Adapun para filsuf zaman modern setelah masa aufklarung, abad ke-17 M, menegaskan bahwa pengetahuan tidak berasal dari kitab suci atau ajaran agama, tidak juga dari para penguasa, tetapi dari diri manusia sendiri. Para filsuf modern yang tercatat dalam sejarah ialah Descartes, Karl Marx, Nietsche, JJ Rosseau, Dan lain sebagainya.
Kembali sebuah penegas differensiasi yang melepasnya dari ikatan imajinasi manusia. Keseimbangan ini menempatkan akal di posisi yang tepat, antara fisik dan metafisik, antara sesuatu yang dapat dibawa ke tataran imajinasi dengan sesuatu yang tak tergambarkan. Sebuah kalimat yang bagus dituliskan pula oleh Prof. Quraish Shihab dalam bukunya “Menyingkap Tabir Ilahi” “bukan berarti bahwa Al Quran memperkenalkan Tuhan sebagai sesutau yang bersifat idea atau immaterial, yang tidak dapat diberi sifat atau digambarkan dalam kenyataan, atau dalam keadaan yang dapat dijangkau akal manusia. Karena jika demikian, bukan saja hati manusia tidak akan tenteram terhadap-Nya, akalnya pun tidak dapat memahamiNya, sehingga keyakinan tentang wujud dan sifat-sifatNya tidak akan berpengaruh pada sikap dan tingkah laku manusia.” “Karena itu Al Quran menempuh cara pertengahan dalam memperkenalkan Tuhan ..” Allah juga memperkenalkan dirinya dengan nama-nama yang baik (Asmaul Husna), Ar Rahman, Ar Rahiim, Al Malik, Al Qudus dan seterusnya [bahkan pendapat dari beberapa Ulama, termasuk juga dalam Asmaul Husna ini adalah nama Tuhan yang paling populer, yakni Allah]. Sifat-sifat itu sangat mudah kita bayangkan, Pengasih, Penyayang, Penguasa, Suci dan seterusnya dan seterusnya.

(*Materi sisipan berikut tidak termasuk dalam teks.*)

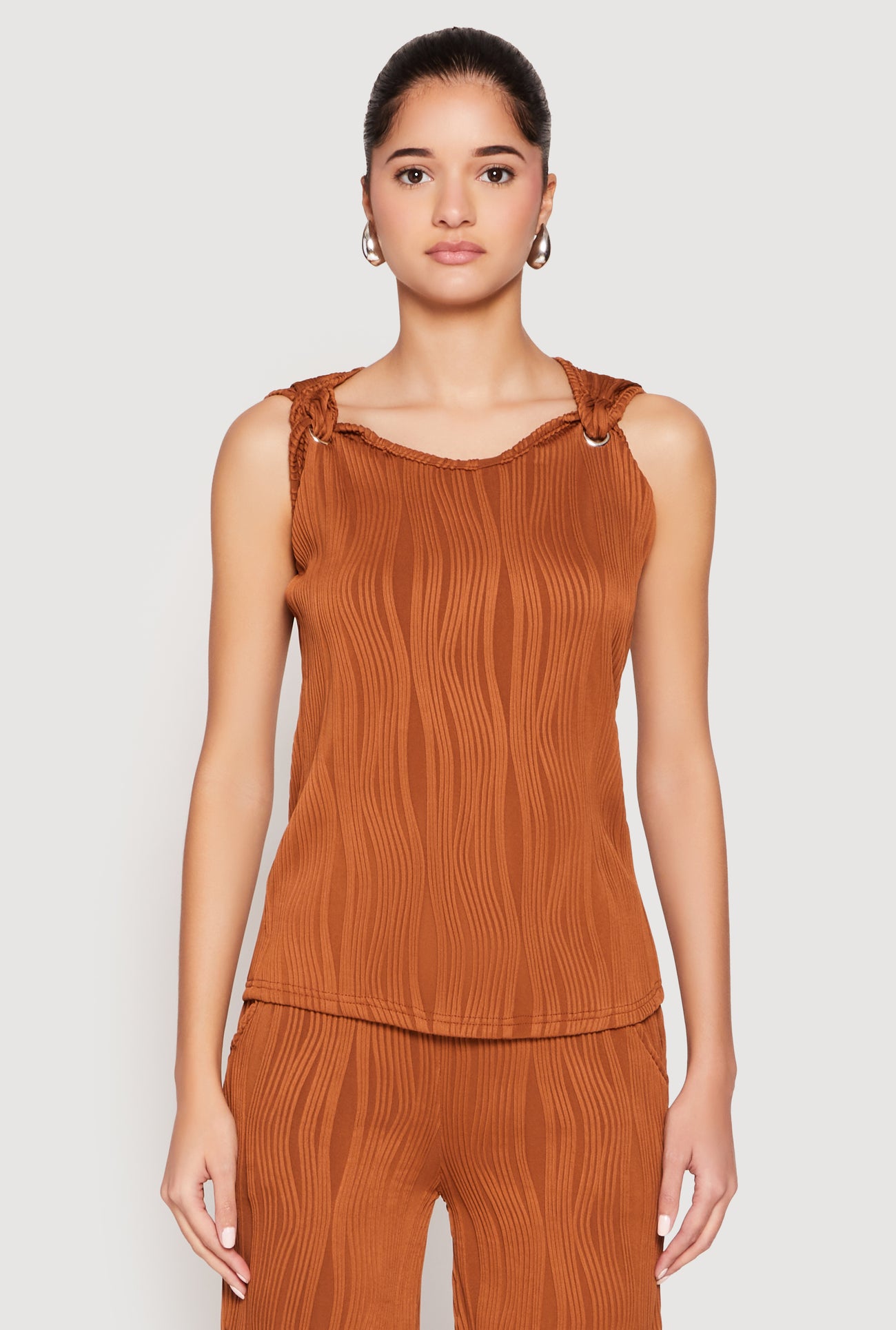 1044056721545020_001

Tapi tentu tidaklah sama sifat Pengasih Allah dengan sifat Pengasih manusia, sebagaimana yang digambarkan oleh Nabi Muhammad saw :
Allah itu memiliki 100 bagian kasih sayang, satu bagiannya ia bagikan merata kepada seluruh penduduk bumi, sehingga seekor induk kuda mengangkat kakinya karena takut menginjak anaknya
Dari uraian di atas dapat disimpulkan bahwa tujuan filsafat adalah mencari hakikat kebenaran sesuatu, baik dalam logika (kebenaran berpikir), etika (berperilaku), maupun metafisik (hakikat keaslian).